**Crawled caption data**
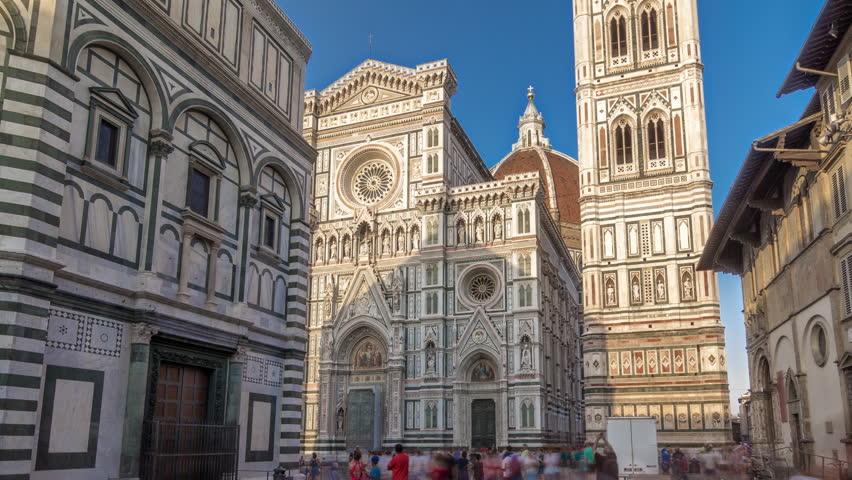 Facade of The Basilica di Santa Maria del Fiore timelapse hyperlapse which is the cathedral church (Duomo) of Florence in Italy. Shadows moves on facade during sunset Royalty-Free Stock Footage #1101016845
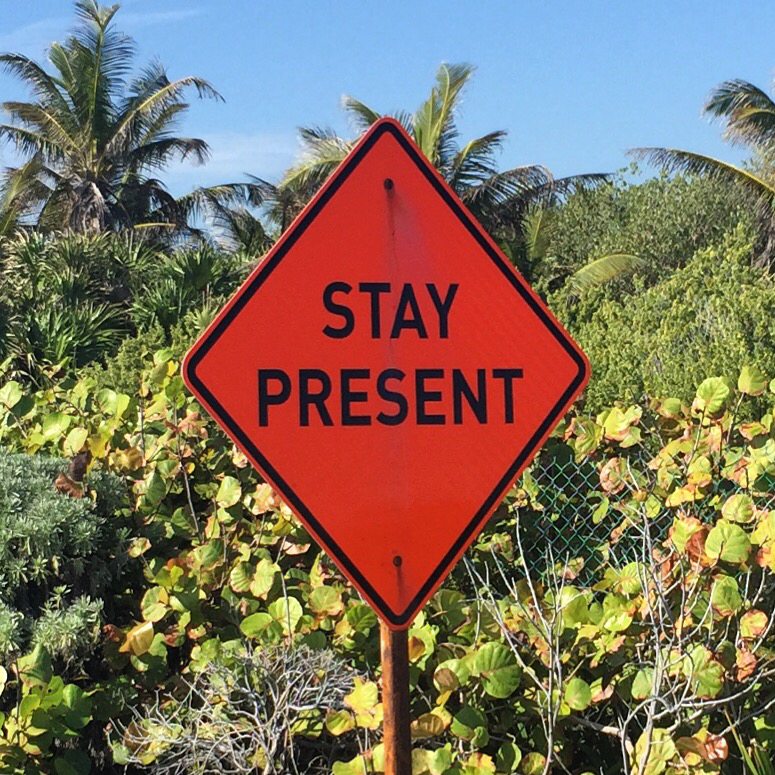 stay present tulum street sign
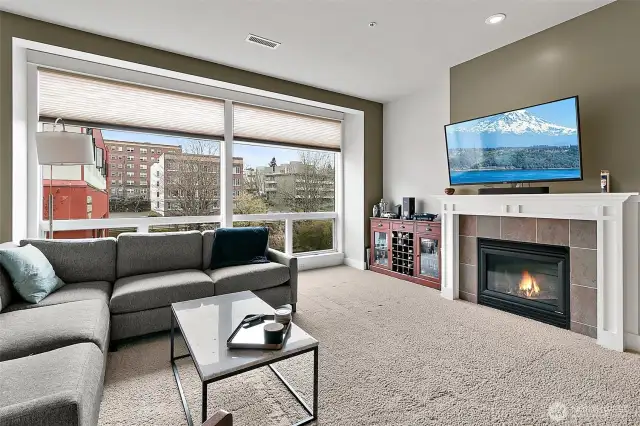 The heart of the living space is the beautiful gas fireplace with a custom mantle creating a warm and stylish focal point.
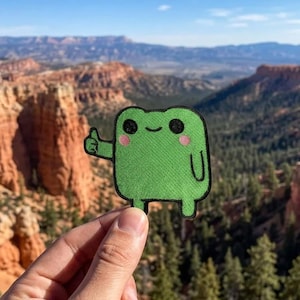 May include: A green frog patch with black eyes and pink cheeks gives a thumbs up. The patch is rectangular with rounded corners and a small U-shaped design at the bottom. The background is a scenic view of a canyon.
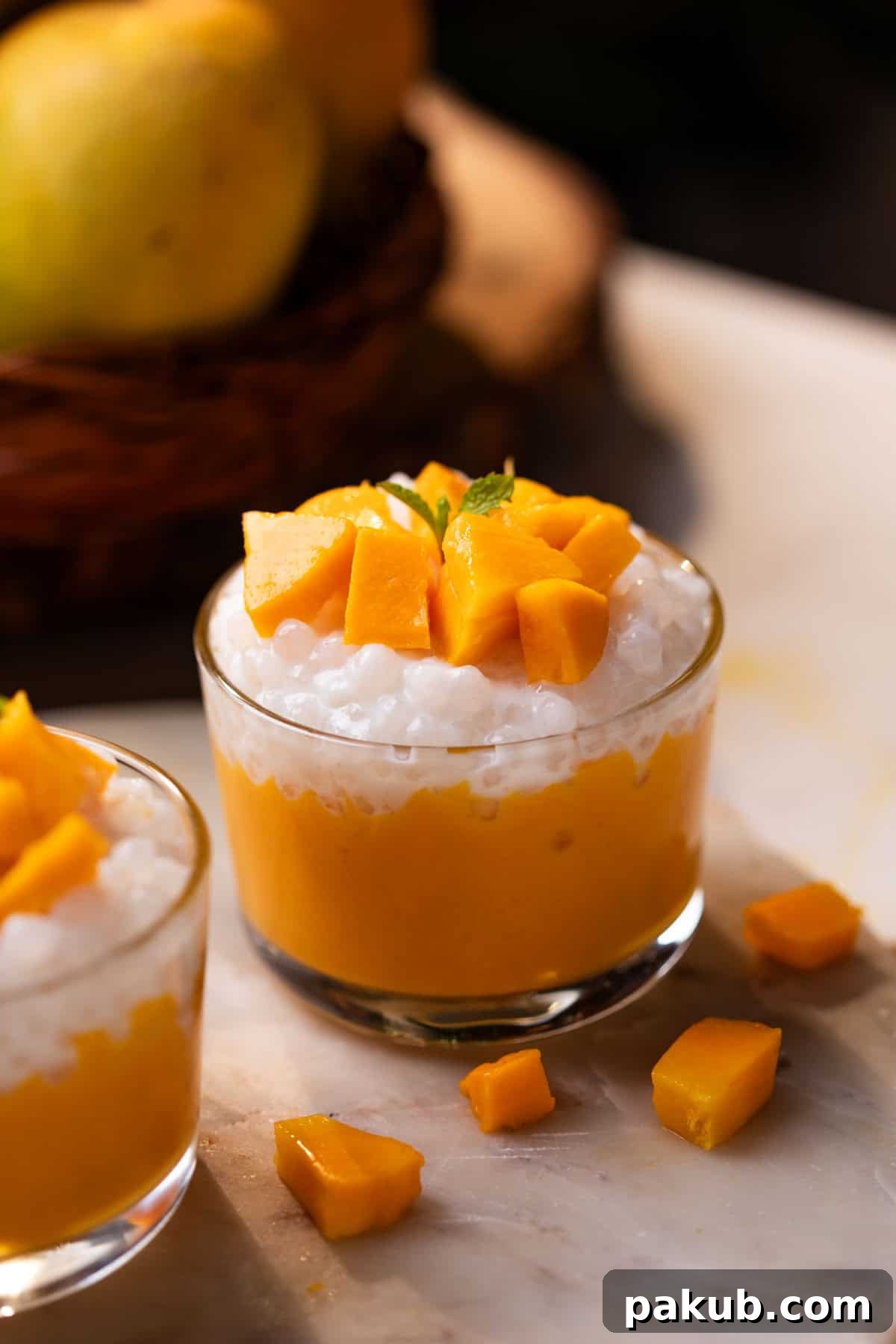 Golden Mango Sago Bliss 2 Two small glass bowls filled with creamy Mango Sago, topped with fresh mango chunks and ready to serve.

**HOW TO COMPLETE THIS TASK**
The result should be the full set of entries above, restated exactly and without images.

**WRITTEN ANSWER**
 Facade of The Basilica di Santa Maria del Fiore timelapse hyperlapse which is the cathedral church (Duomo) of Florence in Italy. Shadows moves on facade during sunset Royalty-Free Stock Footage #1101016845
 stay present tulum street sign
 The heart of the living space is the beautiful gas fireplace with a custom mantle creating a warm and stylish focal point.
 May include: A green frog patch with black eyes and pink cheeks gives a thumbs up. The patch is rectangular with rounded corners and a small U-shaped design at the bottom. The background is a scenic view of a canyon.
 Golden Mango Sago Bliss 2 Two small glass bowls filled with creamy Mango Sago, topped with fresh mango chunks and ready to serve.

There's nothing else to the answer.